--- The data Enclosed Below ---

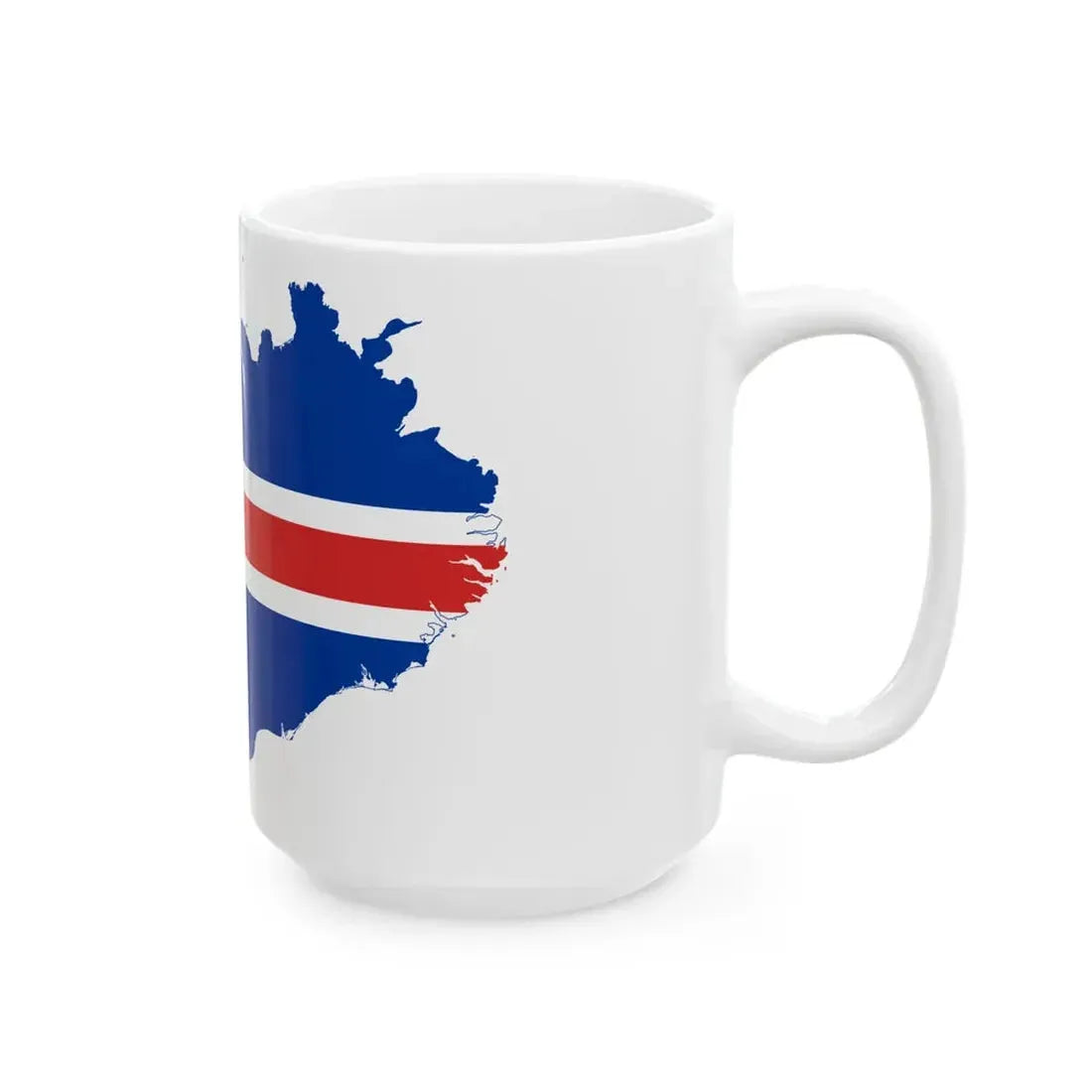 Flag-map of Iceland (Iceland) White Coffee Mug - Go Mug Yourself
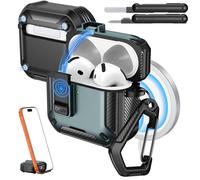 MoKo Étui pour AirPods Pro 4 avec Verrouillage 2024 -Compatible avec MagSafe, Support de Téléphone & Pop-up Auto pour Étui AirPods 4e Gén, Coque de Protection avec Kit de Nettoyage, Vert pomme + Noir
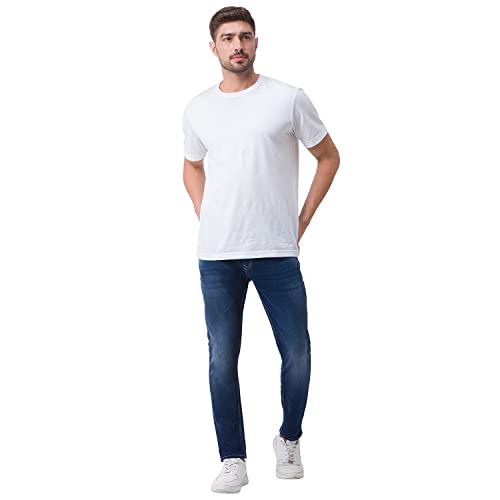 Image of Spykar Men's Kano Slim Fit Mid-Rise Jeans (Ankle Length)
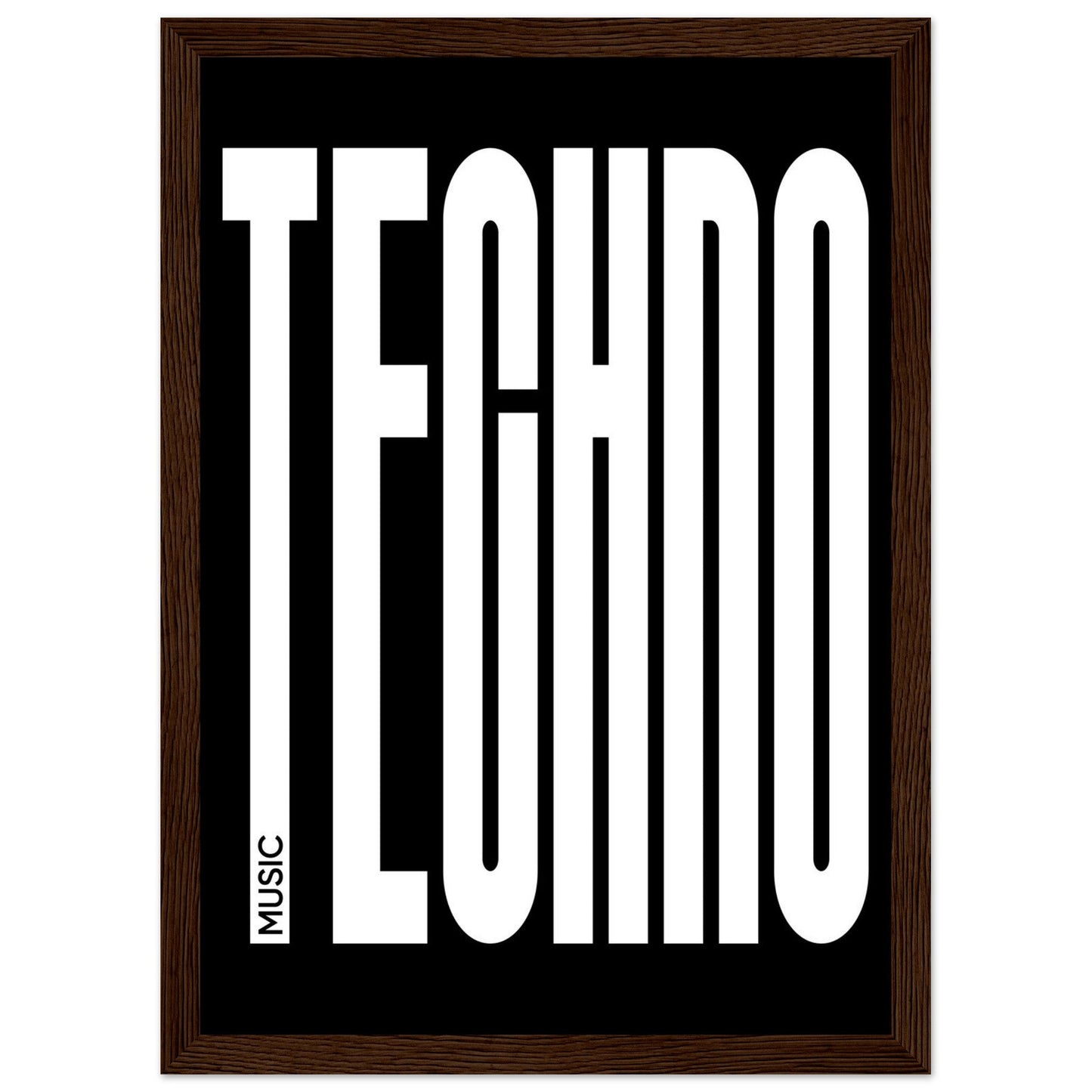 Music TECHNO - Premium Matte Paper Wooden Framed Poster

--- End of Enclosed The data ---

• [What needs to be done]:
Pictures aside, reproduce exactly the lines from the one containing "Image of Spykar" to the end of the listing above, both ends included.

• [Reply]:
 Image of Spykar Men's Kano Slim Fit Mid-Rise Jeans (Ankle Length)
 Music TECHNO - Premium Matte Paper Wooden Framed Poster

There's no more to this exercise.